A LA PLACE DE LA LIGNE ROUGE,
« LES QUATRE CONDITIONS »*
/ BARAK RAVID – HAARETZ
Un an après son « discours de la bombe », Binyamin Netanyahu reviendra la semaine prochaine à l’AGNU. Or les changements qu’a subis depuis lors le programme nucléaire iranien, conjugués à la victoire de Rohani aux présidentielles, ont rendu moins pertinente la « ligne rouge » tracée par le Premier ministre israélien.
La « ligne rouge » portait surtout sur le stock d’uranium enrichi à 20 %, notamment à Fordow. Netanyahu a fixé un seuil maximal de 250 kg d’uranium enrichi à ce taux. Mais depuis quelques mois, les Iraniens ont trouvé des moyens pour contourner ce problème. En ayant augmenté le nombre de centrifugeuses, ils sont capables aujourd’hui de sauter l’étape intermédiaire de 20%, passant directement de 3,5% à 90%, qui est le taux requis pour fabriquer une bombe. Ce n’est pas pour rien qu’ils font désormais comprendre qu’ils seraient d’accord pour des concessions sur l’arrêt de l’enrichissement à 20% et sur la fermeture de l’installation à Fordow.
Mais il n’y a pas que de la technologie qui a brouillé la ligne rouge de Netanyahu. C’est également le résultat de questions de politique internationale, et notamment la victoire de Rohani, qui a surpris Khamenei comme elle a surpris Netanyahu. Le nouveau président a nommé le modéré Jawad Zarif comme ministre des Affaires étrangères et a confié les négociations avec les grandes puissances à son ministère. Parallèlement à cela, il a appelé les Gardiens de la révolution à ne plus s’ingérer dans la politique et a libéré de prison plusieurs dizaines de militants de l’opposition.
La tonalité de Téhéran a également changé. Les messages de Rohani et de Zarif sur Twitter, avec les vœux du nouvel an juif et la prise de distance avec le négationnisme d’Ahmadinejad sont autant d’éléments qui constituent la nouvelle rhétorique iranienne. S’en est suivie une série d’interviews de Rohani aux médias internationaux, avec des déclarations apaisantes quant à la volonté iranienne de faire preuve de souplesse pour résoudre la crise nucléaire.

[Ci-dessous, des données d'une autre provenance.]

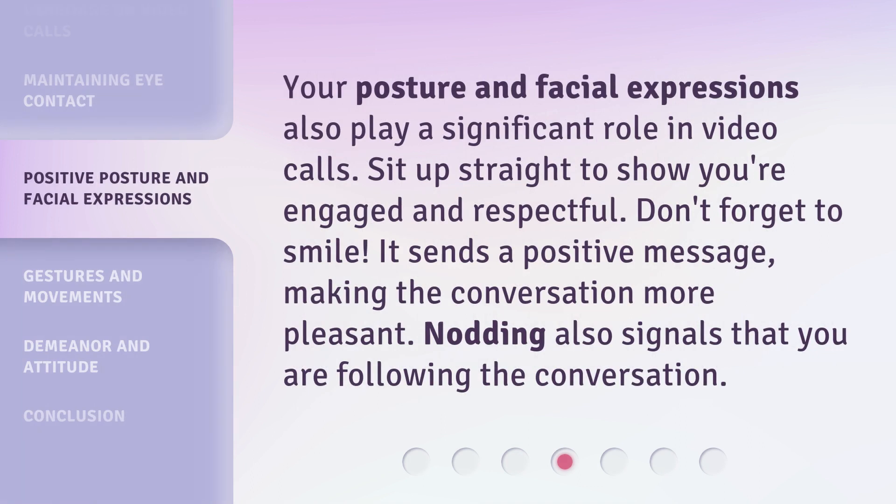Your posture and facial expressions also play a significant role in video calls. Sit up straight to show you're engaged and respectful. Don't forget to smile — it sends a positive message, making the conversation more pleasant. Nodding also signals that you are following the conversation.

En effet, les sanctions internationales exercent sur Rohani une pression plus forte qu’on ne l’imaginait en Occident et à Jérusalem, et il fait part depuis quelques semaines de sa volonté de conclure un marché avec l’Occident qui permettra la levée des sanctions et le rétablissement de l’économie iranienne.
Netanyahu comprend bien que sa ligne rouge s’est dissipée graduellement. Il craint qu’Israël ne puisse ni empêcher le marché avec l’Iran ni influer sur ses paramètres. Sa réponse, à ce stade, n’est pas particulièrement sophistiquée. Il durcit ses positions et présente des exigences maximalistes et irréalistes. Cette année, il devrait poser quatre conditions dans son discours devant l’AGNU : l’arrêt de tout enrichissement d’uranium ; la fermeture de l’installation à Fordow et le démantèlement des centrifugeuses modernes installés à Natanz ; le transfert vers l’étranger de la totalité de l’uranium enrichi ; et a fermeture de la centrale d’eau lourde à Arak, où les Iraniens développeraient un programme d’armes nucléaires basées sur le Plutonium.
Les messages de Netanyahu ne sont pas rusés, suscitent de l’opposition et surtout, ne convainquent personne, estime un haut responsable israélien. « Son approche risque de porter atteinte à la capacité israélienne à influencer la position des puissances lors des négociations avec l’Iran ».
* Article écrit avant les discours d’Obama et de Rohani et à l’AGNU
UNE LEÇON DE DETERMINATION*
/ BEN DROR YEMINI – MAARIV
C’est autour de Poutine que tout se joue. Ce dernier mois, il est parvenu à se positionner comme le dirigeant d’une superpuissance.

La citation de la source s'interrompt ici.